Task:
Retype, without changes or pictures, only the lines that begin at the one containing "kitchen with wood" and end at the last line of the records that follow.

(Extracted data entries)

* * *

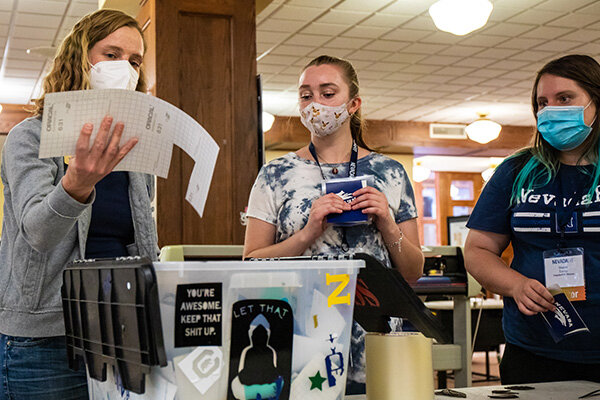 Three women standing around a table looking at a piece of adhesive vinyl created inside the DeLaMare Library’s makerspace.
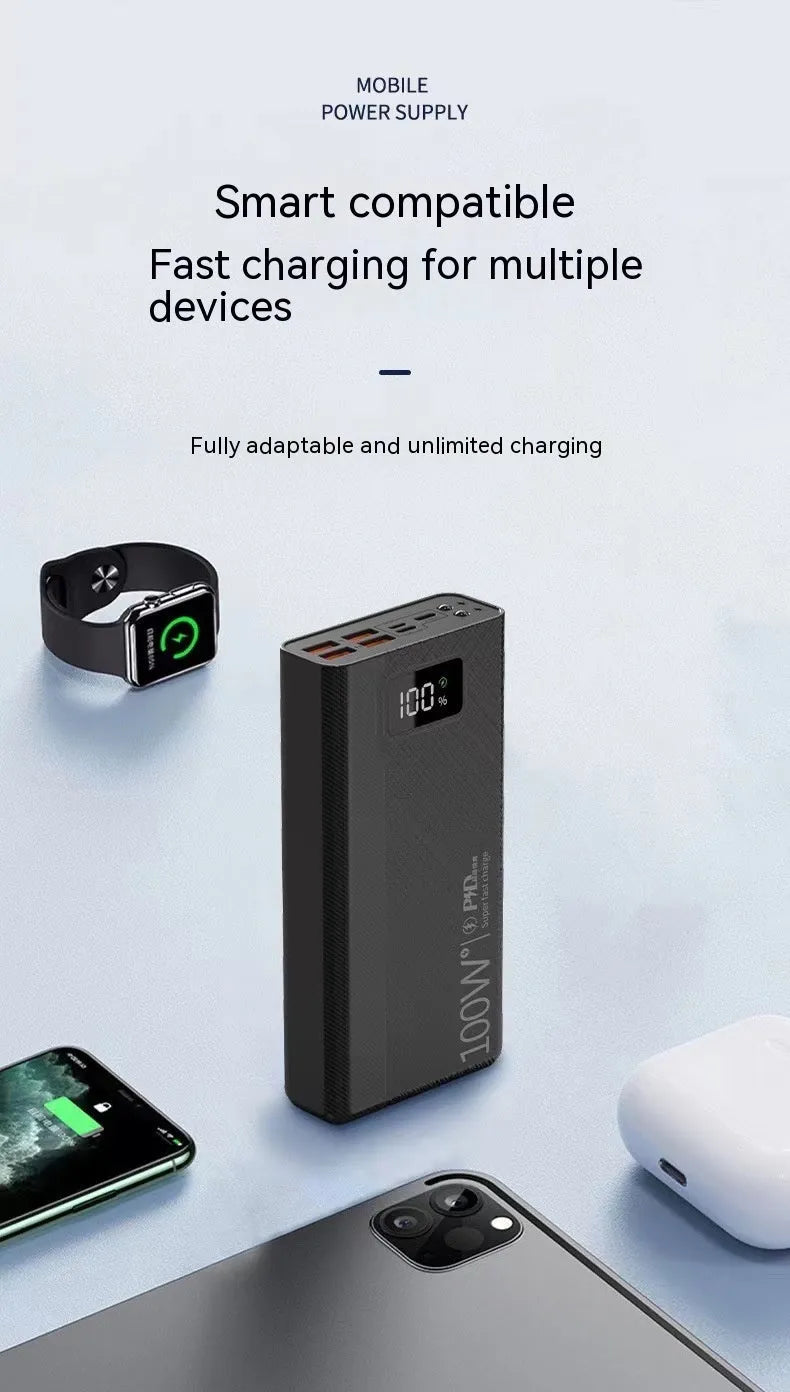Black and white large capacity portable power bank with fast charging, showing size scale.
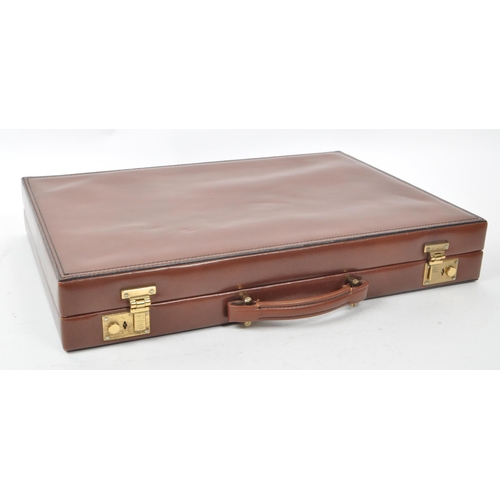 342 - Asprey - A vintage late 20th century circa 1990s leather backgammon attache / briefcase. The case ha... 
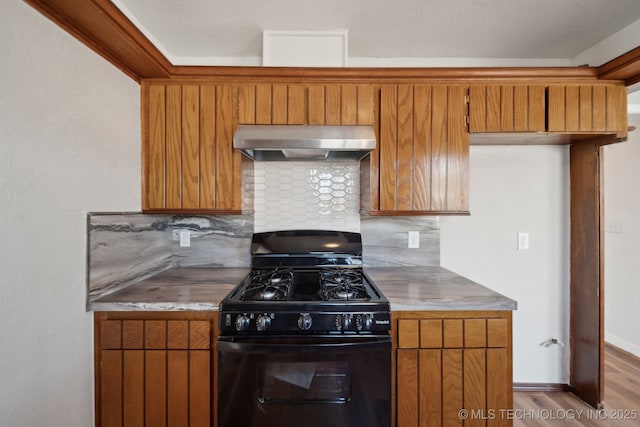 kitchen with wood finished floors, range hood, brown cabinets, tasteful backsplash, and black gas range oven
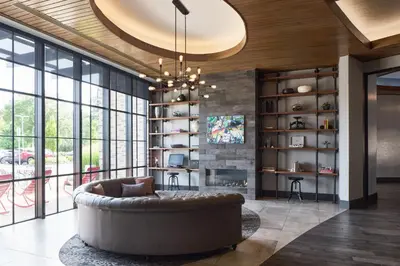 a living room with a large couch and a fireplace at Archer Hotel Florham Park in Florham Park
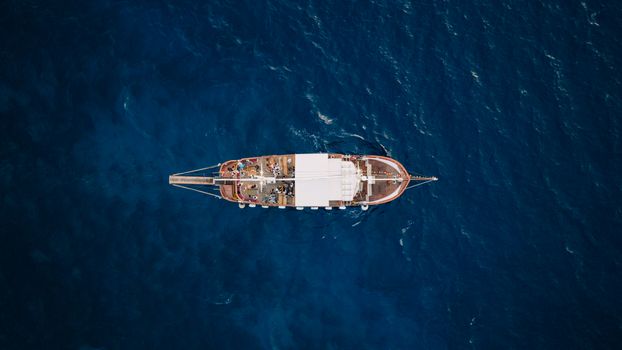 Aerial view of a cruise ship crossing deep blue sea at golden hour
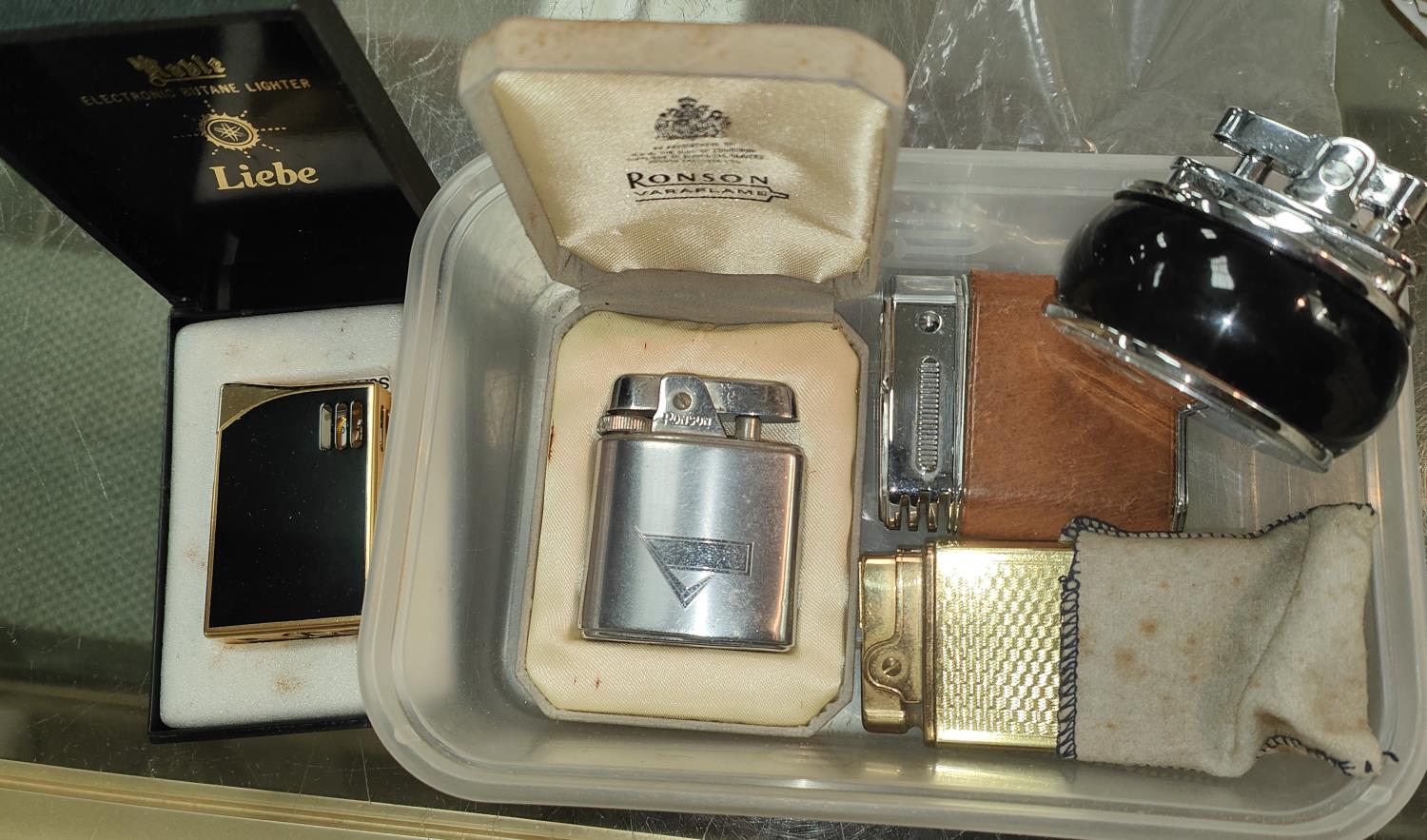 A vintage Ronson cigarette lighter, boxed; 4 others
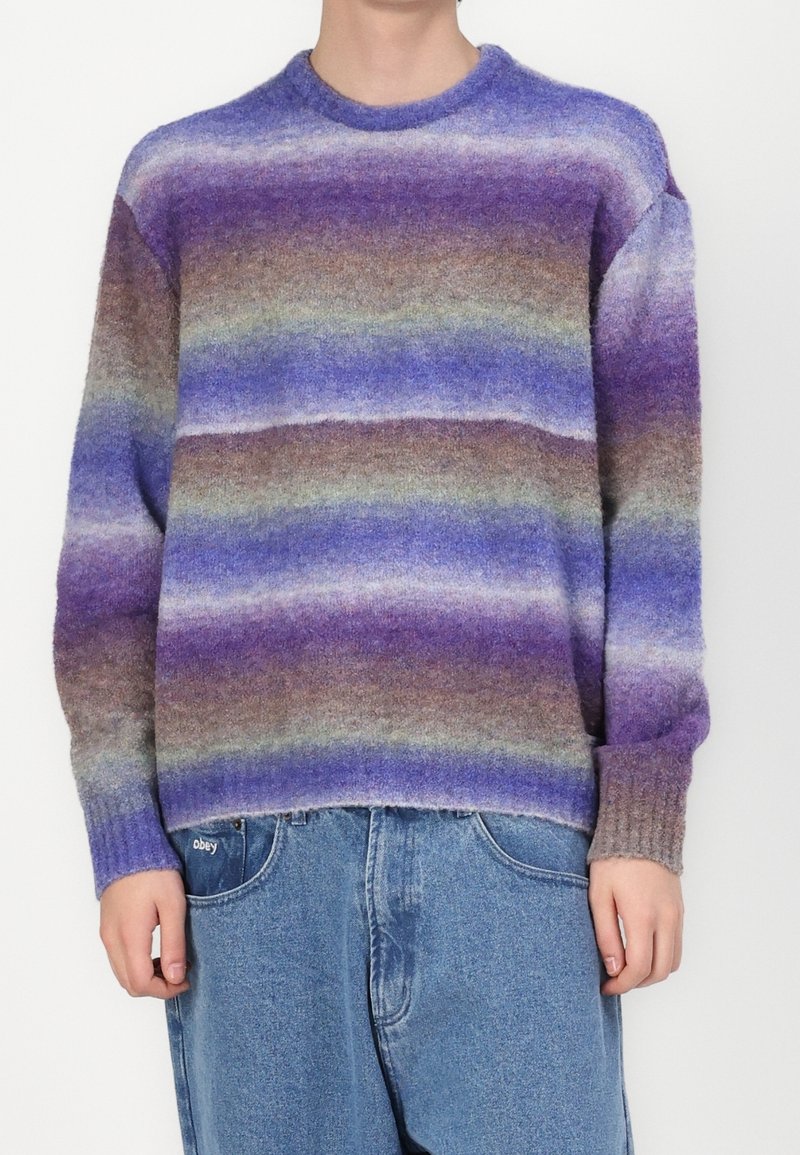 Pull en maille avec des rayures horizontales dans des tons violet, bleu et marron. Confectionné dans un matériau doux avec un col rond et des poignets côtelés.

* * *

Output:
 kitchen with wood finished floors, range hood, brown cabinets, tasteful backsplash, and black gas range oven
 a living room with a large couch and a fireplace at Archer Hotel Florham Park in Florham Park
 Aerial view of a cruise ship crossing deep blue sea at golden hour
 A vintage Ronson cigarette lighter, boxed; 4 others
 Pull en maille avec des rayures horizontales dans des tons violet, bleu et marron. Confectionné dans un matériau doux avec un col rond et des poignets côtelés.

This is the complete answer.